ALL ARE WELCOME:  PLEASE JOIN US!  

Sunday, November 5, 2017

Emery is Failing to Support & Care For Children Says California Department of Education

Study Shows Emery Fails to Engage/Support Students

Children Don't Have an Adult on Campus They Feel Cares About Them

Children Don't Feel Safe at ECCL Says DoE

A new study released by the State of California shows the schools at Emeryville's Center of Community Life failing to provide students with a safe campus and Emery Unified School District failing to support and engage students there.  The study, called the School Climate Index (SCI) and conducted for the Department of Education reveals Emery failing students in 'overall support and engagement', scoring single percentile digits against other school districts in the state.  But Emery is doing above average as far as providing a campus with low violence and low substance abuse among students the study also shows as revealed by surveys and interviews with students, parents and teachers.
Since 2011 however, the first year Emery participated in the statewide SCI survey, there has been a steady downward trend in student support and engagement.

For 2017, Emery High School emerged with a SCI score of 198 out of 500 in the domain of 'overall support & engagement' putting it in the bottom 2% of all schools statewide.  When compared with schools of a similar demographic, Emery rises but only just to the bottom 6% of schools statewide the study shows.  The two worst scoring sub-domains for Emery in the Index are 'high expectations and caring relationships' and 'school connectedness' both of which placed the school at the bottom 1% statewide or the bottom 2% when compared with schools of a similar demographic.  According to the study, it can be shown definitively that a clear majority of students at Emery don't feel there is an adult at the school that cares for them, they don't feel close to anyone at the school and they don't like being at the school.

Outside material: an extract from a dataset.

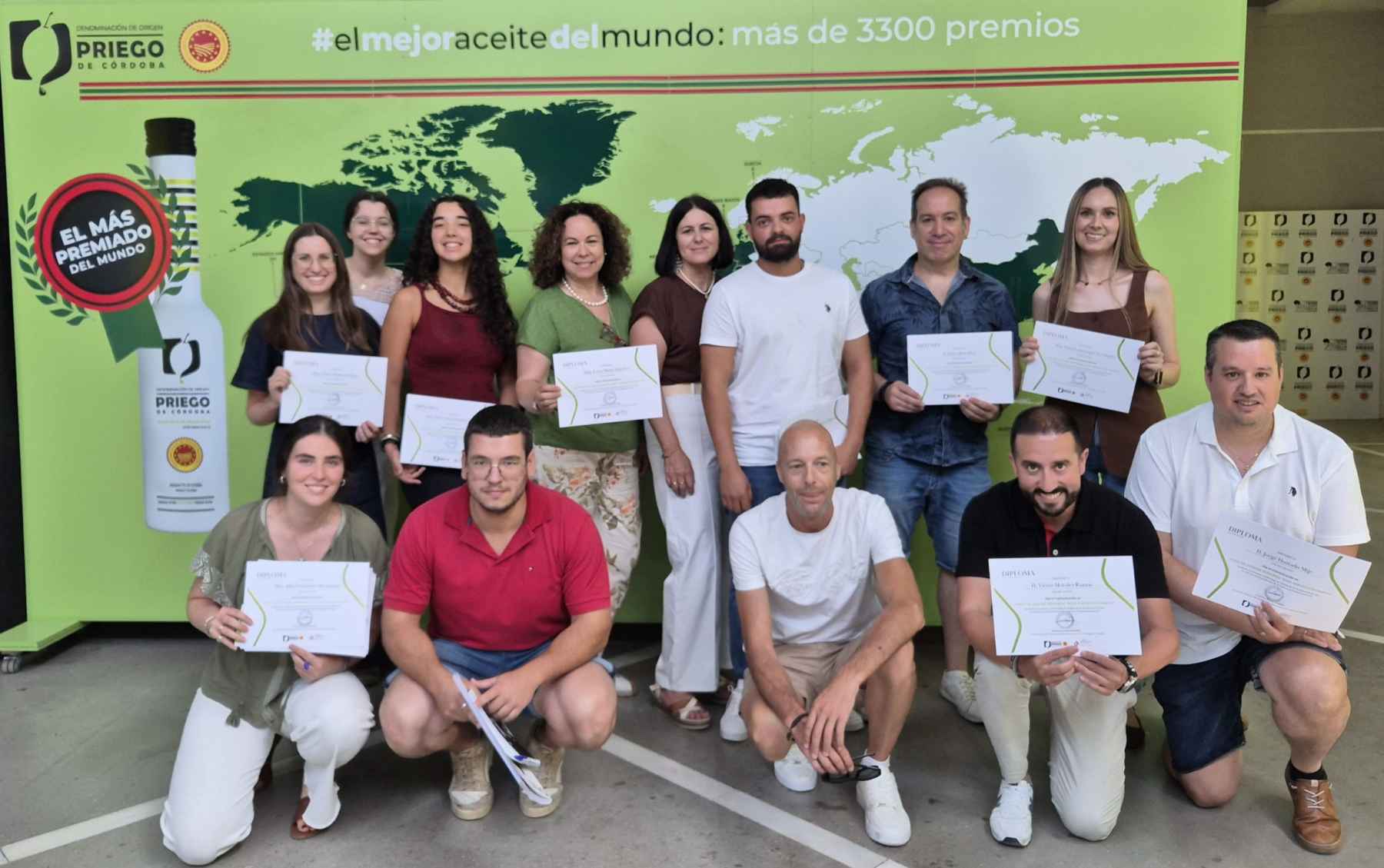 Participantes en el curso de análisis sensorial de aceites de oliva vírgenes.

Emery Unified isn't alone to blame for the bad numbers however; the District's partner, the City of Emeryville helped shepherd the Center of Community Life and that built facility net a SCI score of 228 for '[student]perceived school safety'.  That puts our new bond funded $200+ million campus in the bottom 8% for perceived safety among students statewide, hardly a ringing affirmation of the 'community' part of the ECCL.  Either through the campus as built or the programs run by Emery Unified School District or a combination of both, the students attending school every day on the new campus don't feel safe, a likely contributing factor in Emery's low academic achievement numbers.
Another contributing factor in Emery's low student support and engagement SCI numbers is the extremely low rate of teacher retention since Superintendent John Rubio was hired.  Supporting documents for the study indicate high teacher turnover, especially among veteran teachers alienates students and drives down student/school connectedness and engagement, both critical for effective student learning.  Accordingly, the Tattler has reported on how Emery's slide in academic achievement since Mr Rubio took over has translated into the District becoming the second worse ranked school district in the entire Bay Area.

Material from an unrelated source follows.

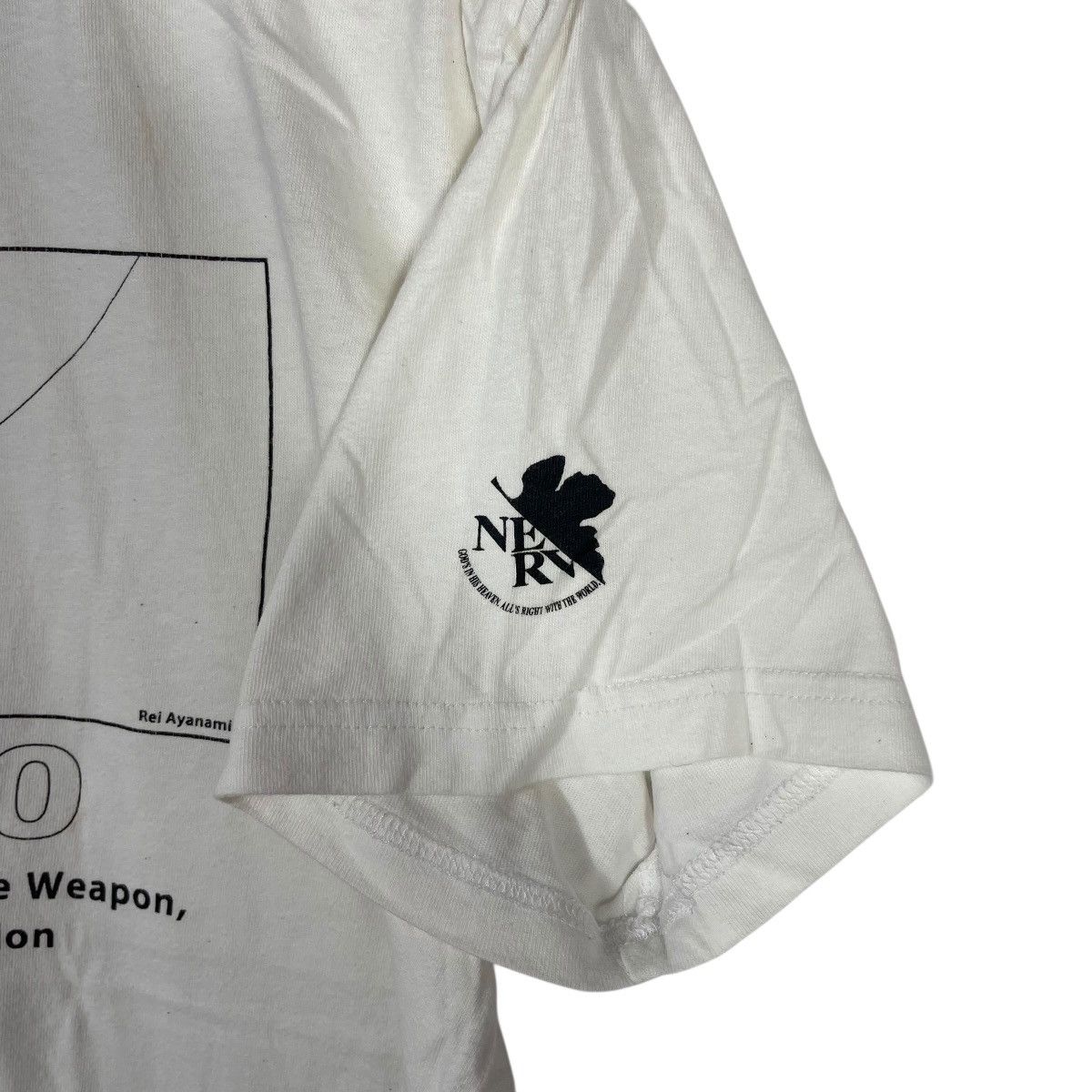 Vintage Neon Genesis Evangelion Rei Ayanami EVA-00 NERV Graphic Tee Size US M / EU 48-50 / 2 - 5 Thumbnail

The School Climate Index documents Emery's fall since 2011 in overall student support and engagement when the high school scored higher than average.  That year Emery ranked 77% compared with 25% this year and most of the fall has been in the student support and engagement domain.  The biggest fail has been in the category of 'caring relationships' where children feel there is an adult on the campus that cares about them; that has fallen from an above average 359 points in 2011 to just 200 now, and that translates now to the bottom 1% ranking (2% as compared with school districts of a similar demographic).

The SCI shows the District is clearly failing in its charge to educate and care for our children and the School Board will take up discussion of the disturbing trends revealed by the Index starting Wednesday but it is unlikely they will take action since the majority of members have repeatedly shown they will stand by Mr Rubio.  They have shown no propensity to be moved by the constant stream of bad numbers hitting the District and hence the children, be it teacher retention, academic performance or school ranking generated by the Superintendent since they hired him.


Emery scores for 2011 and 2014
Broken out are the categories in the two domains (overall support/engagement
and violence/substance abuse).  Together the combined score is called the SCI score.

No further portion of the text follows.